Tuesday, August 6, 2013

Houston 2013 - The Mystery of the Gray Pickup

As I landed and picked my way through the labyrinth that is Houston International Airport I found myself thinking that it resembled the somewhat twisted logic of the president for which it is named. I fondly recalled Geraldine Ferraro, the first woman to run for vice president, instructing him not patronize her in their famous exchange during the historic 1984 vice presidential debate. I collected my bag and went to the arrival pickup area.

After a short wait I phoned my hosts. Asking if their pick up truck was what I should be expecting I was assured that it was. Upon further inquiry regarding what color the truck was I was told that it was gray. I surveyed the cars in the area which were waiting for arriving passengers. There were no less than 4 gray pick up trucks. Knowing that theirs did not have a gun rack I was able to narrow the possible number of gray pick ups to 2. After a second phone call I was informed that I had misread my arrival time placing it a half hour behind my actual one. After 20 minutes or so, and the passing of a number of other gray pick up trucks, some sporting gun racks, some not, I was after all in Texas, the proper one arrived.

We drove away from the airport and onto the highway. The passing landscape was a mixture of horses grazing in fields, industrial parks and gentle, slow flowing bayous, their banks festooned with midsummer wildflowers.
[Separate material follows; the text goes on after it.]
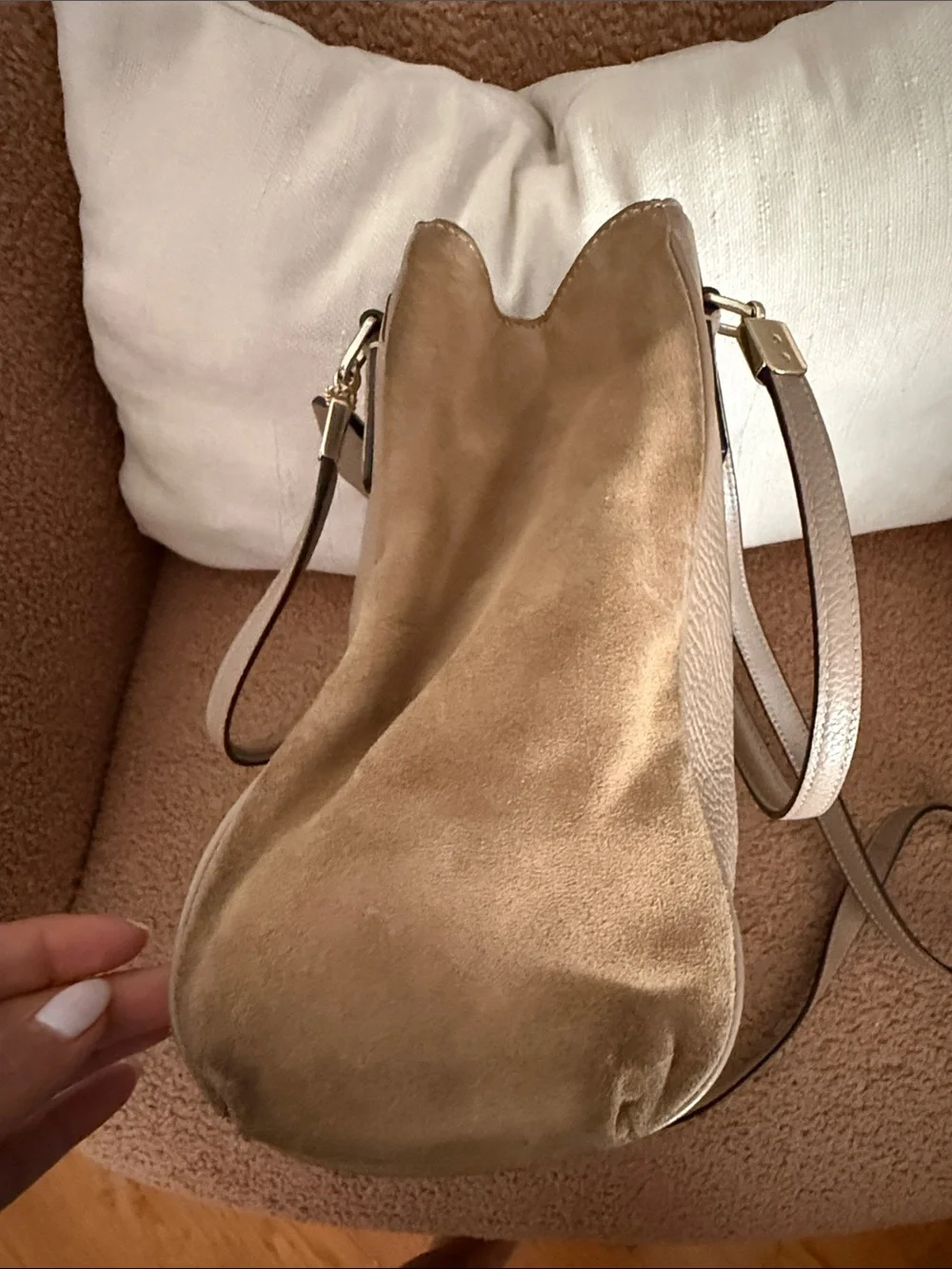 COACH Taupe Leather & Suede Satchel Bag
Houston, like many sunbelt cities, is low and spreads out for miles. Over dinner at a local Mexican restaurant we discussed how, due to the sprawling nature of such cities, devising a public mass transit system is a challenging, if not impossible, task. There is a light rail system downtown, built during a failed bid to host a summer Olympics and a bus system, but service is infrequent and requires hours to get from one location to another. Add to this the blazing Texas heat and it appears from the people seen at the bus stops, that public transit is primarily used by only the most desperate and poor citizens. One option might be a light rail system reaching to the corners of the city with shorter feeder bus routes but this would be costly. Gas lobbyists are a powerful bunch. As long as money, as opposed to common sense, decides public policy reliable and efficient mass transit in the private auto addicted U.S. will remain a pipe dream. When fossil fuel becomes more difficult to obtain, when the price of gas climbs so high that it becomes a luxury item, perhaps we will be spurred to action. Till then I fear public monies will be spent building an increasing number of roads leading us to places we can already get to.

 

1 comment:

  1. Sounds like Phoenix to me...though we have a more colorful selection of trucks; with and without firearms.